Introduction to Flex

Brad Vander Zanden and Ray Byler


Overview

This text is meant to provide a brief introduction to the Flex lexical analyzer and to show how you integrate it with the Bison parser to produce a compiler front end. The mechanics of Bison itself will be covered later. Flex and Bison are basically better versions of Lex and Yacc. They are more flexible and produce faster code. For the homework and class discussion, we will be using Flex and Bison. You are welcome to use different lexical/parsing tools for your project. For example, JLex/JCup is a lexer/parser pair for Java that is based on the lex/yacc model, and there are other Java lexer/parsers that you can find by searching the internet that also are based on the Lex/Yacc model.
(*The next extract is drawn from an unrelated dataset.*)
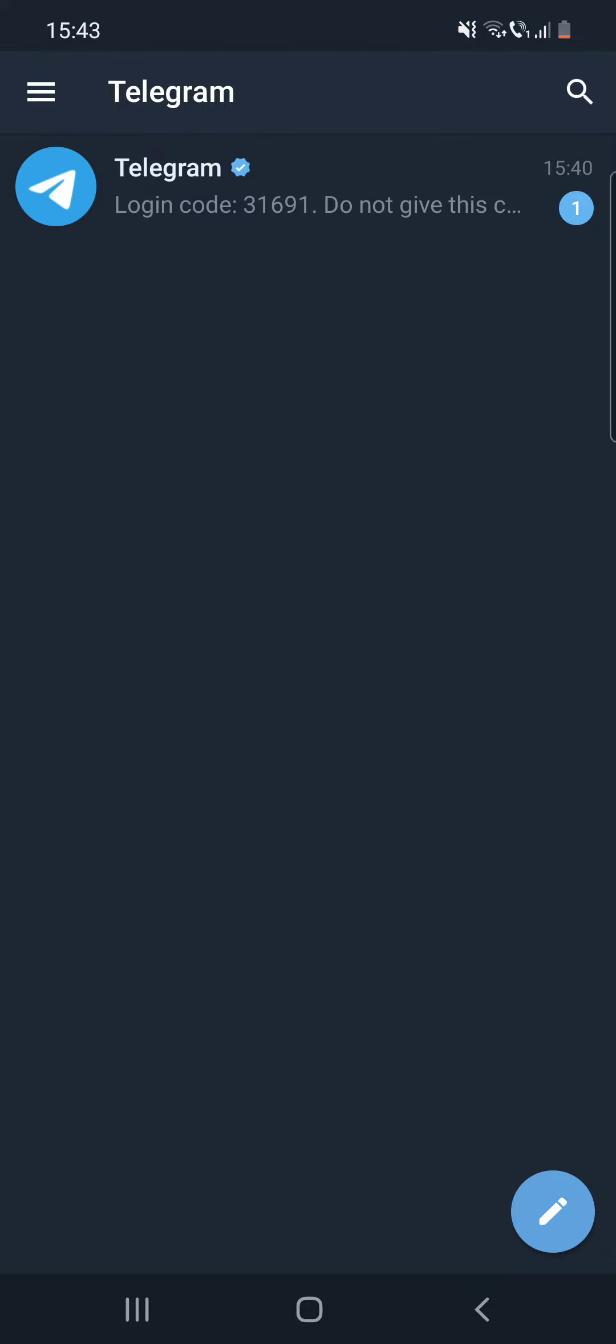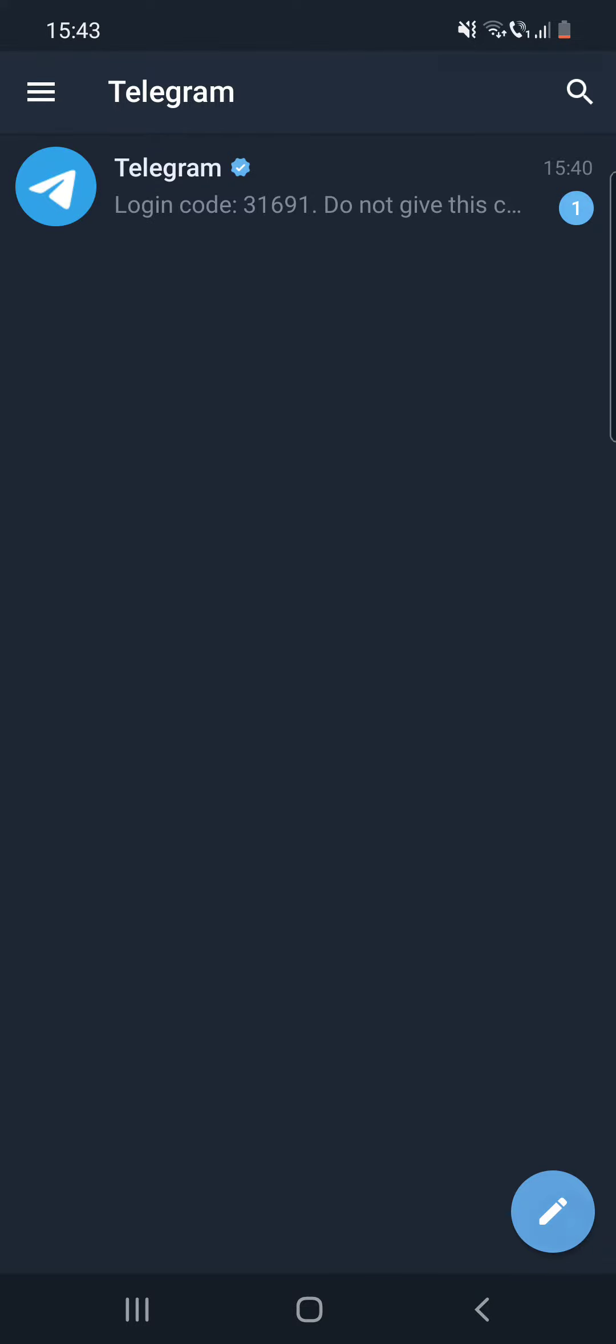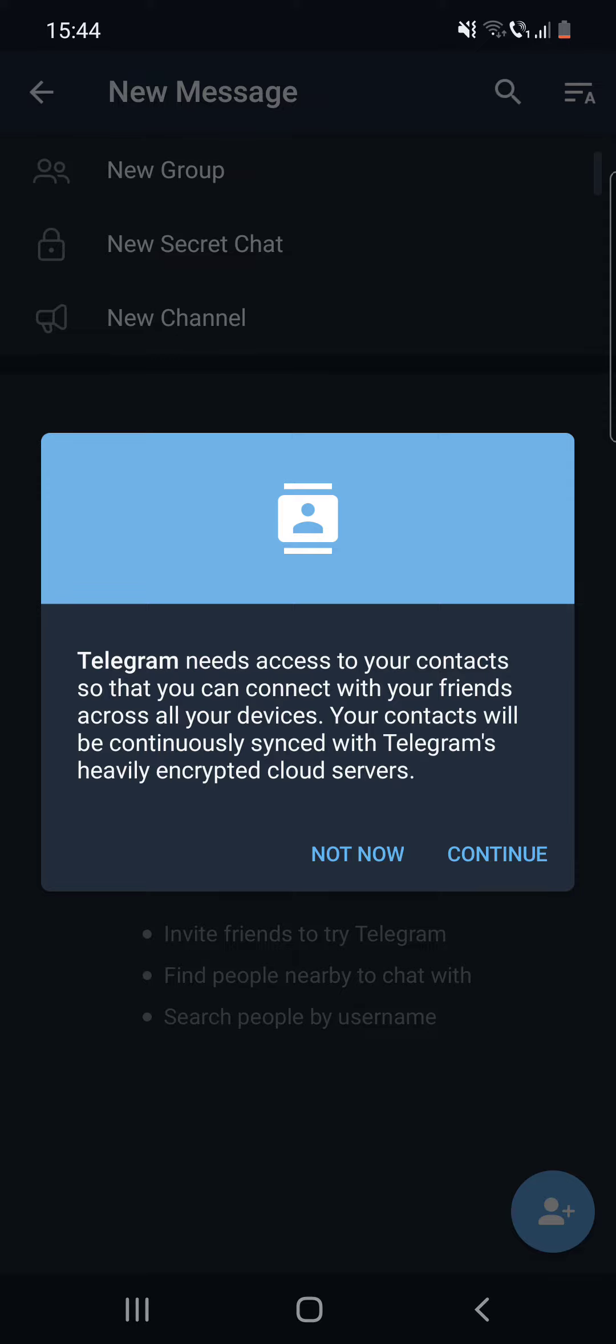If you want to sync Telegram with your contacts, you can do that if you click on Continue. But for me, it's important not to show the name of my friends, so I'm going to click on Not Now.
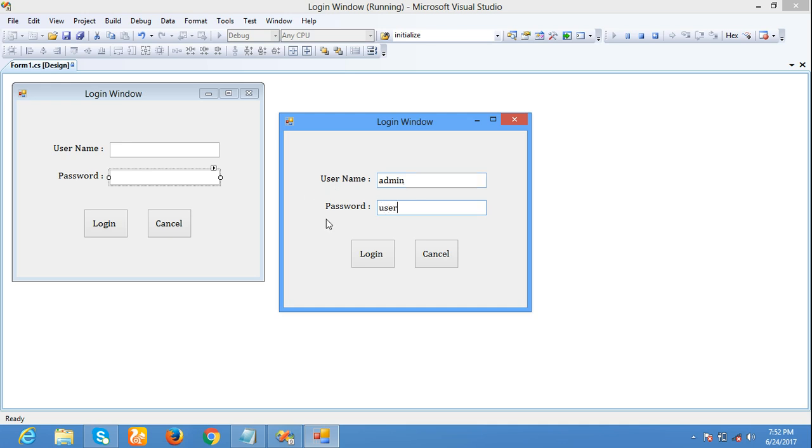Now you can see the password will be visible to all. To hide this, we have to set the properties.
You can use Flex and Bison independently, but they have been engineered to work well together. Bison produces a parser from an input file that you provide. The parser expects to receive a token stream from a lexer of your choice, and it expects your lexer to provide it with a function named yylex() that it can call to retrieve tokens from this token stream. Flex generates the yylex() function automatically when you provide it with a .l file (e.g., graph.l). We will discuss how the .l file should be written later in these notes, and we will discuss how to create an input file for bison in a separate set of notes.

The yylex() function produced by Flex uses simulated finite-state-machines (FSM) to recognize strings (or lexemes) then passes this information to the parser in the form of integer tokens. These simulated FSMs are generated by Flex from the regular expressions that you write. The parser parses (think about parse trees and context free grammars) this sequence of tokens to verify that the statements formed conform to the grammar of the language. The lexical analyzer is usually the slowest part of a compiler since it has to read every single character of the input file.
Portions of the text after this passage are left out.